One of the WUSC priorities identified on their website is “[e]nsuring that youth have access to quality education”. This past fall the StFXAUT contributed $4,573 to the StFX WUSC Society to assist with this goal. StFXAUT funds will cover a second year refugee student’s meal plan fees. The Beacon had the opportunity last fall to speak with StFX WUSC Society President Isaak MacMullin and Vice President Jordan MacDonald to learn more about the committee and the work that they do on campus.
StFX University covers tuition, residence, and meal plan fees for the student’s first academic year. Money raised by the StFX WUSC Society pays airfare, immigration fees, and costs associated with living on-campus during the summer. MacMullin noted that students receive “a little bit of money in their second, third, and fourth year, but mainly we cover first year”. MacDonald emphasized that there are “no extra payments [for refugee students] other than what you can receive through regular student loans and grants”. The bulk of the funding comes from a $4 levy that is part of the student union fee.
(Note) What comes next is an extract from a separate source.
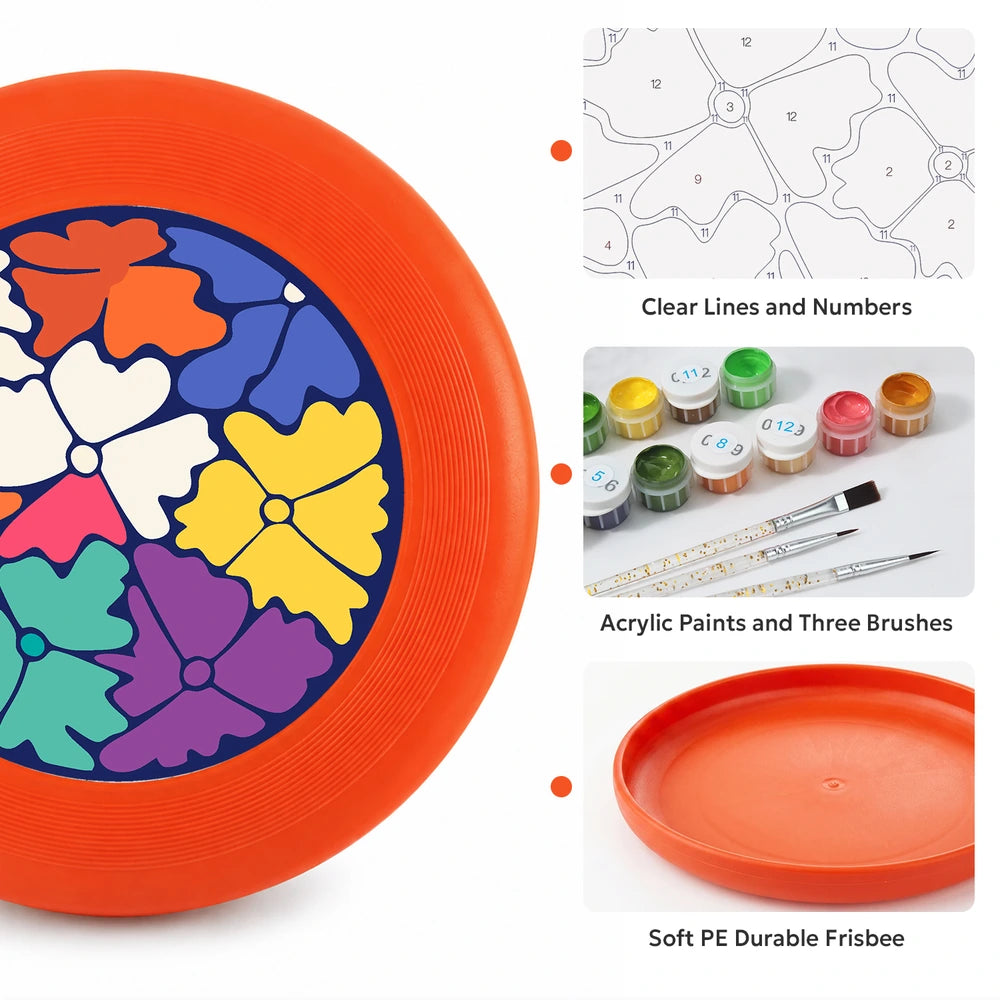 Paint by Numbers - Frisbee | Petal Collage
The StFX WUSC Society also helps the student access a Nova Scotia Health Card (MSI), select a mobile account, purchase a laptop or other internet device, and get them to their first classes. Part of their role is to, as MacMullin put it, “get them comfortable with how things work at StFX”.
Selecting a student likely to thrive at StFX is a priority. Once the StFX WUSC Society submits an Intent to Sponsor with WUSC, they receive a brochure of eligible applicants. This includes a photograph, an origin story, test scores, and a description of academic interests. MacDonald said that this information gives the StFX WUSC Society a better idea of “what they’re interested in doing [and if] the programs they are looking for are available here”. MacDonald provided the example of “someone interested in art and design [and how it was] not fair for us to take this person on and then force them into a BA when they really would have liked a BFA”.
StFX WUSC Society also communicates desired characteristics and qualities of students to WUSC. At one point, they were receiving only male applicants. Wanting to support female students, the StFX WUSC Society requested to receive female applicants. The portfolios of applicants deemed as not necessarily a great fit for StFX are circulated among other universities. MacMullin noted, “if we don’t pick someone, it doesn’t mean that they’re never going to get a chance”.
MacMullin admitted that the StFX WUSC Society is “kind of a program that flies under the radar a little bit”. Recent promotional activities including what MacMullin described as “a thank you drive earlier this year where we gave a free coffee and cookies and said thank you for giving $4 because most students don’t know that they give $4 to this program” have helped, there is a recognized need to raise the group’s profile. The group has been in touch with Syria-Antigonish Families Embrace [SAFE] for ideas on how to better do that. Still, as MacDonald said, “people are starting to recognize it a little bit. People are starting to recognize the WUSC shirts”.